Overview
Work has an important influence on health, both public and individual. It brings great health benefits but can also be detrimental to both
Work related injuries and illnesses take a terrible toll and have massive socioeconomic effects. They are largely preventable
Occupational disease is particularly poorly reported at a national level. Healthcare professionals need to suspect it and know how to manage it
The world of work is changing fast and the spectrum of occupational ill health is changing in tune
‘Traditional’ occupational diseases persist in less well regulated industries but mental health and musculoskeletal disorders and hard to define ‘symptomatic’ illness are the major causes of work-related disability
Most readers of this book will consider themselves lucky to have a job, probably an interesting one. However tedious it can be, work defines a person, which is one reason why most people who lack the opportunity to work feel disenfranchised. As well as determining our standard of living, work takes up about a third of our waking time, widens our social networks, constrains where we can live and conditions our behaviour. ‘Good’ work is life enhancing, but bad working conditions can damage your health.
Global Burden of Occupational and Environmental Ill Health
According to recent International Labour Organisation (ILO) calculations, every day 6300 people die as a result of occupational accidents or work-related diseases—more than 2.3 million deaths per year (including 12 000 children)—and 337 million people have workplace injuries, causing disability and time off work.

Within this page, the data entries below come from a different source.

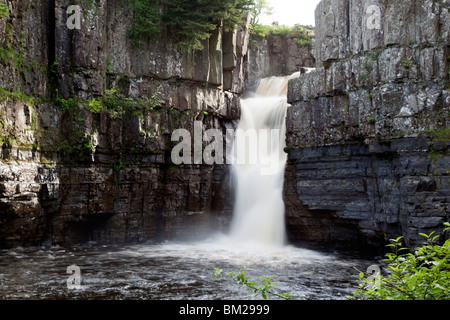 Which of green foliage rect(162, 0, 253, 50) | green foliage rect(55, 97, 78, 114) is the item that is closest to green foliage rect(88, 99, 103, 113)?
green foliage rect(55, 97, 78, 114)

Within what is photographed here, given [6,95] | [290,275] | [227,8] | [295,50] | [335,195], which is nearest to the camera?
[290,275]

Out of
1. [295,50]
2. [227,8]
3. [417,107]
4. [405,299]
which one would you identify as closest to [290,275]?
[417,107]

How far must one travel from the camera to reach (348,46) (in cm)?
1973

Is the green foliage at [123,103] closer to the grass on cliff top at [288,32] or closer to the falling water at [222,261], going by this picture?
the falling water at [222,261]

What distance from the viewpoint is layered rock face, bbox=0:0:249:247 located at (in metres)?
17.7

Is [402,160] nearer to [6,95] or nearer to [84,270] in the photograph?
[84,270]

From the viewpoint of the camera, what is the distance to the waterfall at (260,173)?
2175 cm

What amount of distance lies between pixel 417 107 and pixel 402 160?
85.4 inches

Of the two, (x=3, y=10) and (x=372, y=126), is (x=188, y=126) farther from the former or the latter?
(x=3, y=10)

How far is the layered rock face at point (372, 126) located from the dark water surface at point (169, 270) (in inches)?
78.0

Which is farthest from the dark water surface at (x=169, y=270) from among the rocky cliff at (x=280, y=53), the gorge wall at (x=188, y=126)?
the rocky cliff at (x=280, y=53)

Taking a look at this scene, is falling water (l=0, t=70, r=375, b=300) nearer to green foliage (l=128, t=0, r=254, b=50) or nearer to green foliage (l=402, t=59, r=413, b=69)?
green foliage (l=128, t=0, r=254, b=50)

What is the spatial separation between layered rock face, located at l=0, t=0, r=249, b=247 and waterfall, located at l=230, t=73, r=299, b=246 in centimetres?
92

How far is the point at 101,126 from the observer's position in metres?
20.7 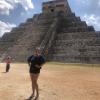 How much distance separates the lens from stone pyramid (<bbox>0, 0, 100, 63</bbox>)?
32.2 m

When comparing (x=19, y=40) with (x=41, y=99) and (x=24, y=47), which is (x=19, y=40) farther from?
(x=41, y=99)

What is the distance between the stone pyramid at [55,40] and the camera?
1267 inches

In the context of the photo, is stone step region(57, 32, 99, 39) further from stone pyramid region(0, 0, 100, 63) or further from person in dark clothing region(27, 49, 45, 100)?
person in dark clothing region(27, 49, 45, 100)

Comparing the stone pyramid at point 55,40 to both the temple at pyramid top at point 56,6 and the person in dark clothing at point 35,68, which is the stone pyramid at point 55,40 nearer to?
the temple at pyramid top at point 56,6

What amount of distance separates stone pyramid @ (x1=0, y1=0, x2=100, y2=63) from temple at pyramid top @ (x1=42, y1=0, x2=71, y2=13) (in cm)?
707

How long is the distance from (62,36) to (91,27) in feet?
19.4

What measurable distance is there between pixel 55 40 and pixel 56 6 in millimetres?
19700

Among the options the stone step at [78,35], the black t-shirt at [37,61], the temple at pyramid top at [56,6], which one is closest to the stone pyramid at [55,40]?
the stone step at [78,35]

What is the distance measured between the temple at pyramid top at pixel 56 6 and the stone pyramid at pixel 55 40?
707 centimetres

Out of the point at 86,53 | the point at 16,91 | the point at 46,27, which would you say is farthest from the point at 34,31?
the point at 16,91

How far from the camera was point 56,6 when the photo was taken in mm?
54500

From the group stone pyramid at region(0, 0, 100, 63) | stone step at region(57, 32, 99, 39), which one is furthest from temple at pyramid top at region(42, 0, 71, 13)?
stone step at region(57, 32, 99, 39)

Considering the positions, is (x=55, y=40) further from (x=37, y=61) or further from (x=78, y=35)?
(x=37, y=61)

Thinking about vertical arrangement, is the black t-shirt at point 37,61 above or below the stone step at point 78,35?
below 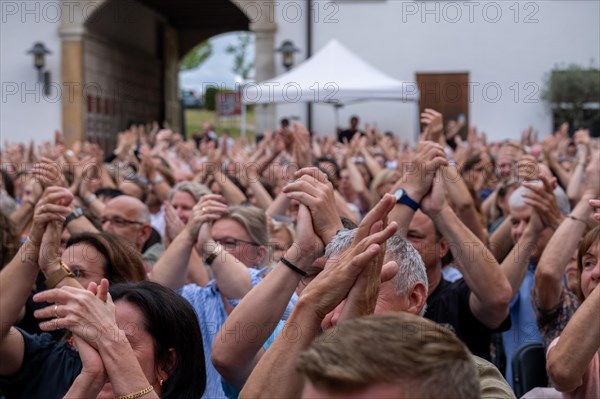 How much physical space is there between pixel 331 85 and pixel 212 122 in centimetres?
2662

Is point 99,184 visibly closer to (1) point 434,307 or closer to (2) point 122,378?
(1) point 434,307

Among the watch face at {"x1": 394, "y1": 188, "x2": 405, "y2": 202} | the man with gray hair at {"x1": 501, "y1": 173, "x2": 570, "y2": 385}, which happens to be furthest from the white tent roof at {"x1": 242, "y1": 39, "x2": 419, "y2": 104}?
the watch face at {"x1": 394, "y1": 188, "x2": 405, "y2": 202}

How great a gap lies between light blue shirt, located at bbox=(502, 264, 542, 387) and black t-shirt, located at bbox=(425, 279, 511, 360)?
71cm

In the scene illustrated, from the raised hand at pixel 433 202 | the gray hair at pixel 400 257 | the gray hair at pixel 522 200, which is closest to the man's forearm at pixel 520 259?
the gray hair at pixel 522 200

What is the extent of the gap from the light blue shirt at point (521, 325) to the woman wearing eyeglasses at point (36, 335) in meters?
2.06

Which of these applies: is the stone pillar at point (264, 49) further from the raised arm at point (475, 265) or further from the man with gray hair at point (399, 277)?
the man with gray hair at point (399, 277)

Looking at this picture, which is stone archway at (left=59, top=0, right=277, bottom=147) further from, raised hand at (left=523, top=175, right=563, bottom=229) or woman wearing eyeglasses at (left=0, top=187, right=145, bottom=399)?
woman wearing eyeglasses at (left=0, top=187, right=145, bottom=399)

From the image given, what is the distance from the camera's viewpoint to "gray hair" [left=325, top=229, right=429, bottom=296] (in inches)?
109

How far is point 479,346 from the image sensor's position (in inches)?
161

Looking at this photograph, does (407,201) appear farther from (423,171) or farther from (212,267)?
(212,267)

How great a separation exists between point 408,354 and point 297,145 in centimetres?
489

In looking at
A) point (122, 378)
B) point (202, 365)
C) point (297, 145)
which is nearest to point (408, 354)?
point (122, 378)

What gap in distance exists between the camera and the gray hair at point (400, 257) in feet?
9.05

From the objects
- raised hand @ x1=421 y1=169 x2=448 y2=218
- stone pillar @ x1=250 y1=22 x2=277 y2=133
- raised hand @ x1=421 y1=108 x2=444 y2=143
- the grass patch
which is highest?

Two million workplace-associated deaths per year outnumber people killed in road accidents, war, violence and through AIDS, and consume 4% of the world’s gross domestic product in terms of absence from work, treatment, compensation, disability and survivor benefits, not to mention the human cost (Figures 1.1 and 1.2).

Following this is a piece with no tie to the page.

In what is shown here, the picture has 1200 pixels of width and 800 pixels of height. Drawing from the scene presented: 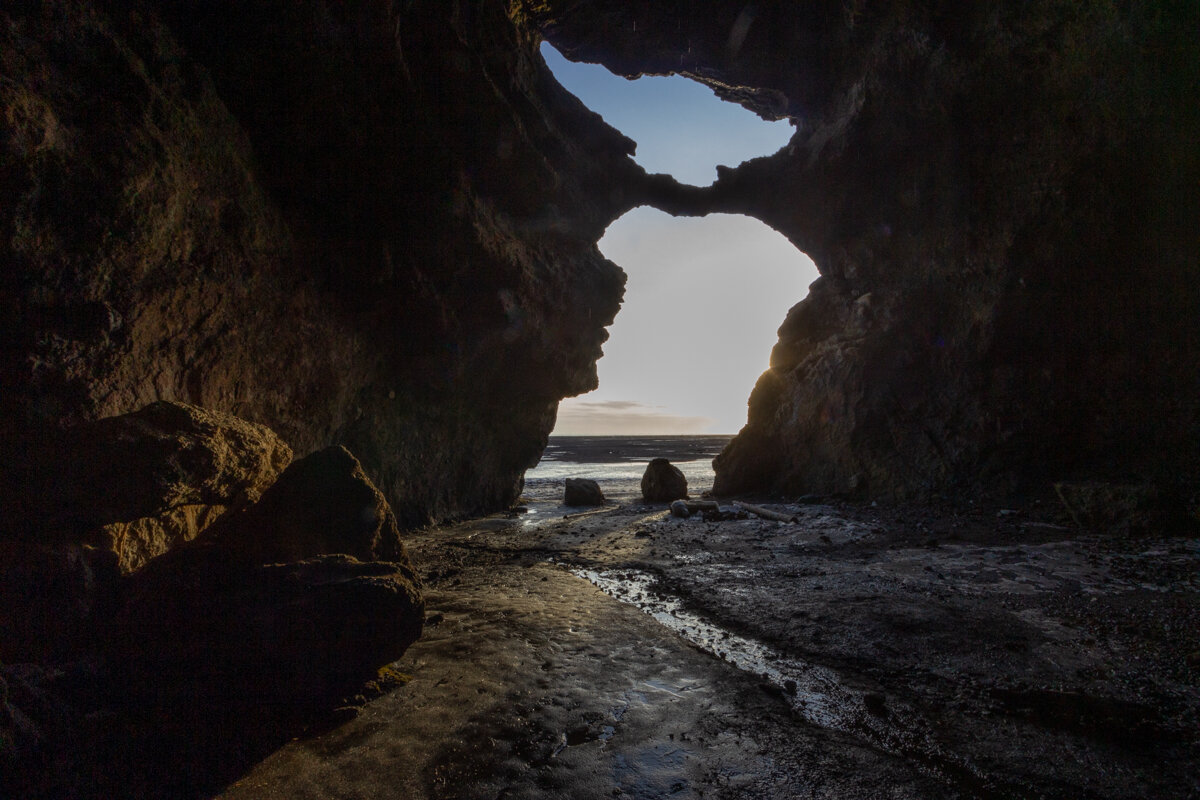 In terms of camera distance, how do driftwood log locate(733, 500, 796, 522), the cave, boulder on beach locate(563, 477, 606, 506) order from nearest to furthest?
the cave < driftwood log locate(733, 500, 796, 522) < boulder on beach locate(563, 477, 606, 506)

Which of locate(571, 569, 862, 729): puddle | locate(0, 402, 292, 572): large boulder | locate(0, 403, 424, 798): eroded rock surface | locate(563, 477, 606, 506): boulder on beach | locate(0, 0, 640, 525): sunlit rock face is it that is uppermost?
locate(0, 0, 640, 525): sunlit rock face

The burden is particularly heavy in developing countries where the death rate in construction, for example, is 10 times that in developed countries, and where workers are concentrated in the most heavy and dangerous industries—fishing, mining, logging and agriculture.
In the United States some 60 300 deaths from occupational disease, 862 200 illnesses and 13.2 million non-fatal injuries with 6500 deaths occur each year.
Environmental disease is more difficult to quantify because the populations at risk are more diffuse than the working population. As an example, it is estimated that lead poisoning accounts for almost 1% of the global burden of disease, most of the exposure affecting children in the developing world. Air and water pollution and extremes of climate also have profound effects on health
Reporting Occupational Ill Health
Occupational diseases are reportable in most countries, but are usually grossly underreported. Even in countries like Finland (where reporting is assiduous), surveys have shown rates of occupational disease to be underestimated by three to five times.
Classifications of occupational diseases have been developed for two main purposes: for notification, usually to a health and safety agency to provide national statistics and subsequent preventive action, and for compensation paid to individuals affected by such diseases. There are no universally accepted diagnostic criteria, coding systems or classifications worldwide. Modifications of ICD-10 (international classification of diseases, 10th revision) are used in many countries to classify occupational diseases, along with a system devised by the World Health Organization for classifying by exposure or industry.
It is the association of these two sets of information that defines a disease as being probably occupational in origin (Box 1.1). The WHO, in the ICD11 classification, is going to incorporate occupational attribution.
Notification
Classification for Labour Statistics (ILO)
- International Classification of Status in Employment (ICSE)
- International Standard Industrial Classification of all Economic Activities (ISIC)
- International Standard Classification of Education (a UNESCO classification) (ISCED)
- Classifications of occupational injuries
A number of reporting systems exist in the United Kingdom but these are neither comprehensive nor coordinated. After all, they arose at different times and for different purposes.
Occupational injuries are also reportable in Great Britain under the Reporting of Injuries, Diseases and Dangerous Occurrences Regulations 1995 (RIDDOR) and, for purposes of compensation, to the Department of Work and Pensions’ Industrial Injuries Scheme (see also Chapter 5). The recording of injuries is generally more reliable because injuries are immediately obvious and occur at a definable point in time. By contrast, cause and effect in occupational disease may be far from obvious, and exposure to hazardous materials may have occurred many years beforehand (Box 1.2).